Questo è il momento in cui si può parlare di contemplazione, che può avvenire in tanti modi. Può essere il dono della mamma di famiglia, della nonna, o del figlio, come può essere il dono di una donna o di un monaco missionario. La contemplazione, nel senso di questa creatura nuova, che nasce unicamente dal Signore, è la condizione necessaria di ogni cristiano.

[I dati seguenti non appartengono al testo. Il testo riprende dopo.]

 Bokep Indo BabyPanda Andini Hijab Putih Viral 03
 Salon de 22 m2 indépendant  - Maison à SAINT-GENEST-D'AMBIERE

In realtà è il battesimo che ci ha introdotti nell’esperienza della contemplazione, perché è con il battesimo che noi siamo stati immersi nella notte del Signore, siamo resuscitati con Lui. Quindi ci siamo ritrovati in una familiarità, in una intimità con Lui, per cui possiamo chiamarci cristiani, cioè tutt’uno con Cristo. ………..Dunque lectio, meditatio, oratio, contemplatio.
Collatio
Infine c’è la collatio, quella specie di goccia di miele che mettiamo a disposizione degli altri nel momento in cui facciamo risuonare la Parola, dicendo nella verità ai fratelli, sia la nostra piccola “predica”, sia la nostra
vita, i fatti concreti, illuminati e resi chiari dalla potenza della Parola. Mettendo a disposizione di tutti la nostra esperienza di vita.